Wet- en regelgeving

Juridische databank

Wetgevingsadviezen

Aan de Vaste Commissie voor Economische Zaken
van de Tweede Kamer der Staten-Generaal
Postbus 20018
2500 EA  Den Haag
Den Haag, 12 juni 2006                        
Doorkiesnummer: 070-335 35 13
Faxnummer: 070-335 35 32
E-mail a.hoevers@advocatenorde.nl

Wijziging Mededingingswet (30 071)




Zeer geachte voorzitter en leden van de Vaste Commissie,

Deze week staat op de agenda voor plenaire behandeling het wetsvoorstel ter wijziging van de Mededingingswet als gevolg van de evaluatie van die wet. De Algemene Raad van de Nederlandse Orde van Advocaten beziet dit wetsvoorstel met zorg.

De Algemene Raad heeft de behandeling door uw commissie gevolgd en geconstateerd dat de meeste fracties vergelijkbare zorgen in het verslag uitten. Ondanks het late stadium wil de Algemene Raad uw kritische vragen ondersteunen door middel van deze brief en het onderliggende advies van zijn Adviescommissie mededingingsrecht (zie bijlage).

De kern van de ontwikkelingen is dat de NMa de bevoegdheid krijgt om steeds hogere boetes op te leggen en steeds verdergaande dwangmiddelen toe te passen.
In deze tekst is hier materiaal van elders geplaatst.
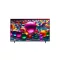 LG 55" 55UA74003LB 4K UHD AI Smart TV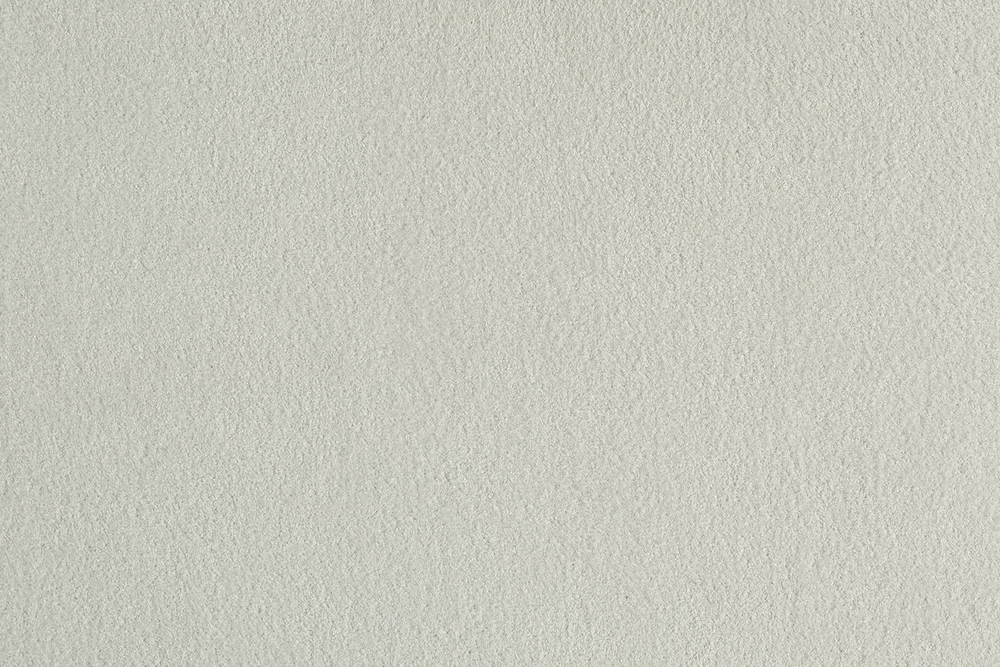 Микровелюр Plaza milk (Плаза милк) 831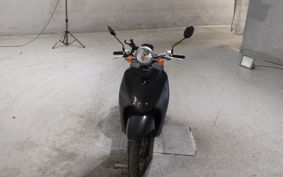 HONDA TODAY AF67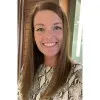 Amy Hyde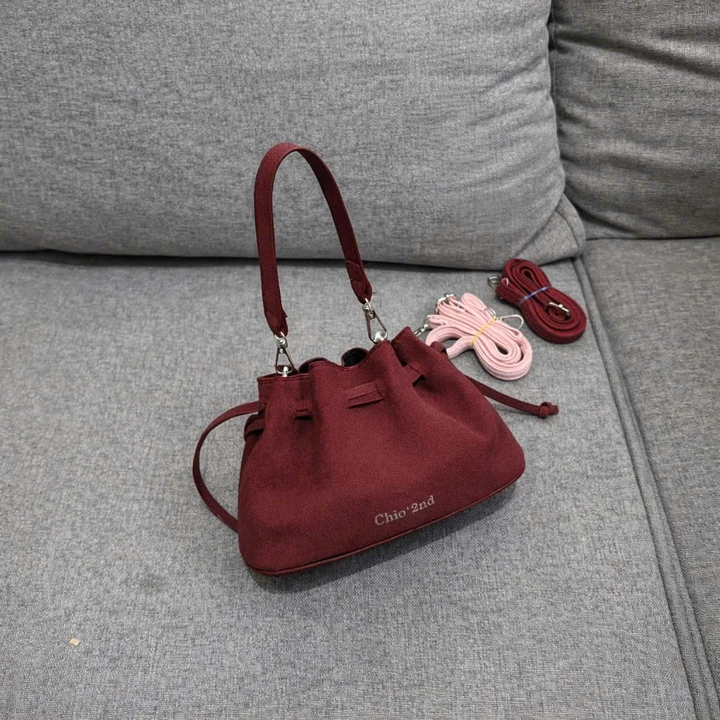 Women's Handbag Chio 2nd – 2
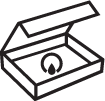 Download Packaging, Box Printing, SRP, Laminates, Stand Up Bags ...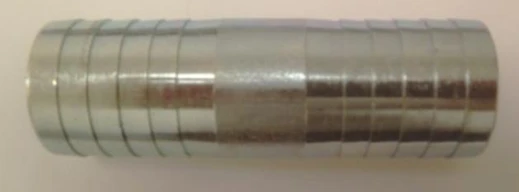 product-519-192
Deze bevoegdheden gaan dermate ver, dat een aantal van u terecht de vraag heeft gesteld of de opsporing, vervolging, oplegging van boetes en beslissing op bezwaar nog steeds in één hand bij de NMa kunnen blijven. De Algemene Raad is van mening dat het omslagpunt is bereikt, en dat het niet meer aanvaardbaar is dat al deze bevoegdheden bij de NMa berusten.

De minister van Economische Zaken is echter voorstander van de huidige ‘integrale handhaving’, zoals blijkt uit de nota naar aanleiding van het verslag. Dat gaat volgens hem sneller en eenvoudiger dan wanneer de rechter de sancties zou opleggen. Daarnaast vertrouwt hij op de Chinese Walls binnen de NMa en meent hij dat er voldoende rechtswaarborgen bestaan in de vorm van toegang tot de rechter in twee instanties.

De Algemene Raad is hierdoor niet overtuigd. Door de hoge boetes en ingrijpende dwangmiddelen is het mededingingsrecht een pseudo-strafrecht geworden, waarop - dat is onbetwist - de waarborgen van onder andere artikel 6 EVRM van toepassing zijn. De bewijslast voor de overheid in bestuursrechtelijke zaken is aanmerkelijk lichter dan in het strafrecht. Dit brengt mee dat de NMa makkelijker hoge boetes kan opleggen dan de rechter in strafzaken dat zou kunnen. Chinese Walls en functiescheiding binnen de NMa zijn ontoereikende waarborgen.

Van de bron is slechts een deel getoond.